In sintesi, l’odg esprime una posizione critica sul disegno di legge. “E’ necessario – si legge tra l’altro nell’atto – sviluppare un confronto che coinvolga istituzioni, partiti, cittadini, università, realtà associative, comunità ed esperti, al fine di far pesare la volontà popolare che mira a garantire il principio di eguaglianza tra i cittadini e tra i territori e ad assicurare l’unità nazionale”. In particolare si evidenzia che, con riferimento al comparto sanitario “la riforma rischia di avere conseguenze deleterie specie per le regioni più in difficoltà e meno popolate come l’Umbria”.
“Anche l’Europa – ha detto la capogruppo Sarah Bistocchi illustrando l’odg in commissione – attraverso il Pnrr, cioè risorse di cui tutti beneficiano, incluso chi il Pnrr lo ha attaccato, punta a rafforzare l’unità sociale e territoriale. Invece, il ddl incoraggia la frammentazione delle competenze e i divari territoriali, economici e sociali. Con la sua approvazione, per più aspetti in contrasto con la Costituzione, non saranno più garantiti diritti universali, basilari ed essenziali in modo uniforme per tutti i cittadini in tutte le regioni. Il ddl – ha proseguito Bistocchi – è un fulgido esempio di disuguaglianza territoriale. Anziché cucire, divide. Anziché unire, taglia l’Italia in due. L’Umbria non ne sarà certo favorita.

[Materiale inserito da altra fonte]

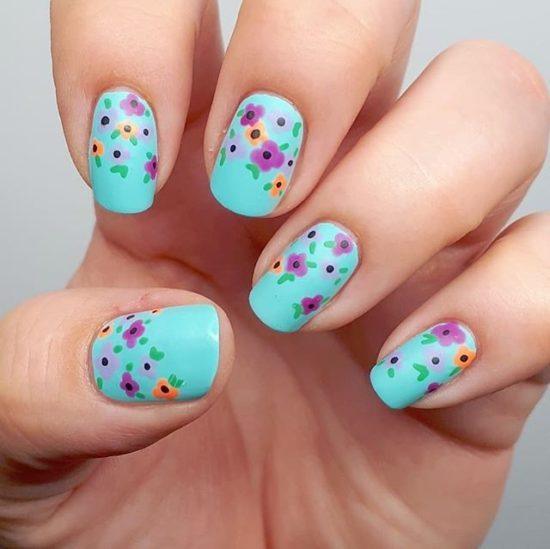 Multi color Flowers on Sea Blue Base Coat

Pertanto si chiede alla massima assise cittadina del capoluogo umbro di affrontare la questione”.
E’ stato ospite della commissione il professore Mauro Volpi, ordinario di diritto costituzionale e comparato.
Di seguito si riporta il testo integrale dell’odg.
In data 2 marzo 2023 il Consiglio dei Ministri ha approvato un disegno di legge avente ad oggetto: “Disposizioni per l’attuazione della autonomia differenziata delle regioni a Statuto ordinario”, che è stato presentato alle Camere con l’obiettivo di definire la cornice procedurale per l’attuazione di quanto previsto dall’art. 116 comma 3 della Costituzione, il quale prevede che possano essere attribuite alle Regioni a statuto ordinario forme e condizioni particolari di autonomia concernenti le 20 materie di cui all’art. 117, comma 3, e le 3 materie indicate allo stesso art. 117, comma 2, relative alle lettere “ l”, “n” e “s”.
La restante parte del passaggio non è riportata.